Estudo de caso (publicado originalmente em 15/2/2006)

Outro filme de Alfred Hitchcock: “Os 39 Degraus” (1935). Não sei porquê achava ser de 1939 esta produção. O diretor inglês inovou para e época, mas repetiria a fórmula em várias fitas de anos seguintes: intrigas envolvendo gangues de espiões, sempre com a mira voltada para um homem com jeito de vilão ser indicado como principal suspeito. Então com 46 anos, o mestre do suspense montou a história da moça que está para revelar um importante segredo de Estado a um desconhecido, mas é assassinada antes de balbuciar qualquer sílaba. O roteiro impressiona pela agilidade dos personagens e sincronia com a trama. Começa numa espécie de convenção empresarial, onde um mágico-adivinha tenta decifrar as mais tresloucadas perguntas do público.

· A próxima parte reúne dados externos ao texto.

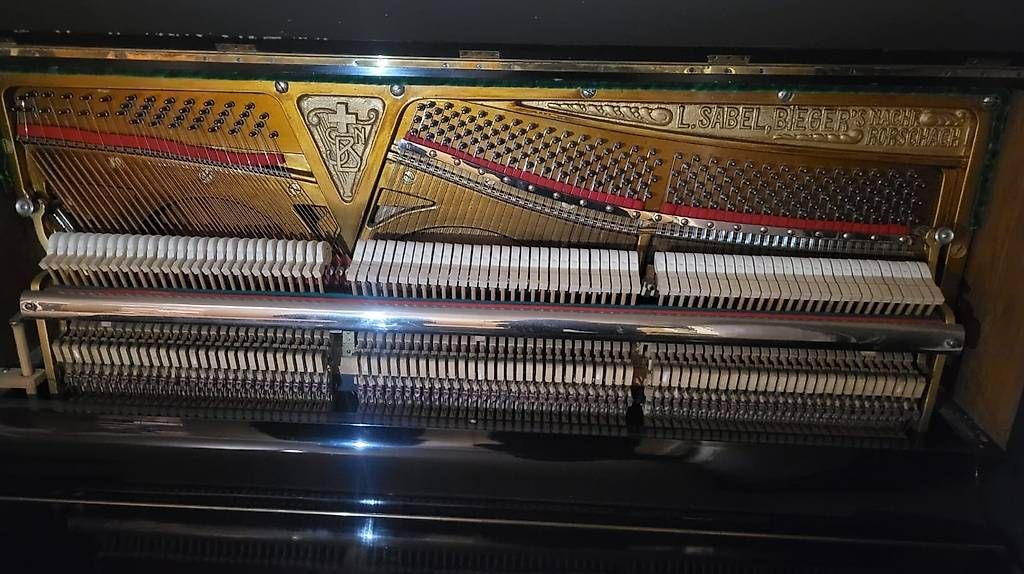 Instruments de musique: Restauriertes antikes Schweizer Klavier (ca. 1900)  – D'occasion à Oberuzwil par sus_5vxh 1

Richard Hannay está entre os espectadores e observa cuidadosamente as respostas do homem dos truques. Pamela também assiste ao espetáculo. Na saída, ambos se encontram “por acaso”. É o momento em que a jovem pára o herói hitchcockiano a fim de lhe contar aquele terrível segredo. Quer, antes, se esconder na casa dele, pois é perseguida (não se sabe por quem). Hannay, de férias em Londres e bastante assustado com a situação, a leva até seu apartamento. Inicia-se dessa forma o mistério em torno de Pamela: quem é ela e de onde vem?

Os detalhes são revelados aos poucos, como pingos d’água na torneira mal fechada. Hitchcock lida com a paciência do público nesses instantes. Quando o espectador sente que o filme finalmente sairá do lugar, a protagonista é morta. Há, de imediato, para os cinéfilos plantonistas, a ligação com Marion Crane, de “Psicose” (1960). Interpretada por Janet Leigh, a famosa cena do chuveiro citada aqui diversas vezes, é eterna. Ocorre antes da metade do longa-metragem, como nos “39 Degraus”, rodado 25 anos antes. Com Pamela fora da jogada, a fita tende a piorar, pode pensar o público. Mas não é o que acontece. Hannay, depois da morte, parte em busca da solução para sua encruzilhada. Ele embarca como clandestino em um trem – atenção, cinéfilos: aqui “Intriga Internacional” (1959) vem à baila, com muitas referências. O mocinho perambula por toda a cidade, atravessa Estados, praças, ruas, e deveras atinge seu objetivo. Não por completo, diga-se de passagem. Mais uma lembrança: “O Homem que Sabia Demais” (1937), em seus momentos finais. Hitchcock se mostrou que era, sim, inspirador de si próprio. Usou “Os 39 Degraus” como, digamos assim, cobaia para seus projetos das décadas seguintes. Repara-se que o filme de 1935 foi, na verdade, sério estudo de caso do cineasta.

Não apenas isso. Na linha sob a qual a história se desenrola, entremeada por vários nós, alguns laços difíceis de desamarrar e fios unidos, está a característica principal da carreira inteira de Alfred Hitchcock: inocente acusado por algo que ele sequer tem a mínima noção do que seja. O longa, que no ano passado completou bodas de vinho, inaugurou o chamado “suspense tipicamente americano”. O diretor soube trabalhar bem essa bossa. Dono de si, ele “manipulou” bem o casal de atores Robert Donat e Madeleine Carrol. Com Donat, essa sensação de perseguição parece ter ultrapassado a linha reta. “Os 39 Degraus” foi seu sexto trabalho em somente três anos de carreira. Havia passado antes pelo “Conde de Monte Cristo” (1934, no papel-título). Filmaria mais 14 fitas até 1958, recusando mais trabalho que aceitando. Vitima de asma crônica, foi aos sets de seu derradeiro compromisso no cinema com máscara de oxigênio. Morreu aos 53 anos. Carrol prolongou mais sua vida. Precedeu Grace Kelly nas preferidas de Hitchcock. Ela nos anos 1920 e 1930; Kelly entre meados das décadas de 1940 e 1950. A carreira da intérprete de Pamela foi rápida: durou de 1928 a 1955 (ela morreria em 1987, aos 81 anos, de câncer no pâncreas, na Espanha). Nos quase 30 anos, dedicou-se a 48 filmes.

Assisti recentemente “Os 39 Degraus”. Fiquei surpreso ao notar a clareza tão transparente de Alfred Hitchcock, que naquele tempo contava pouco mais de dez anos de estrada. Ele já sabia como poucos o que faria dali para frente. Traçou seus planos a partir da película sobre o grupo criminoso. De volta ao palco dos mágicos, é lá onde se dá o desfecho da fita. “Nada nesta mão, nada nesta outra, e alacazam!”: o mestre do suspense desvenda mais uma vez seu triunfo. Debaixo das mangas, estão, de novo, os meus aplausos.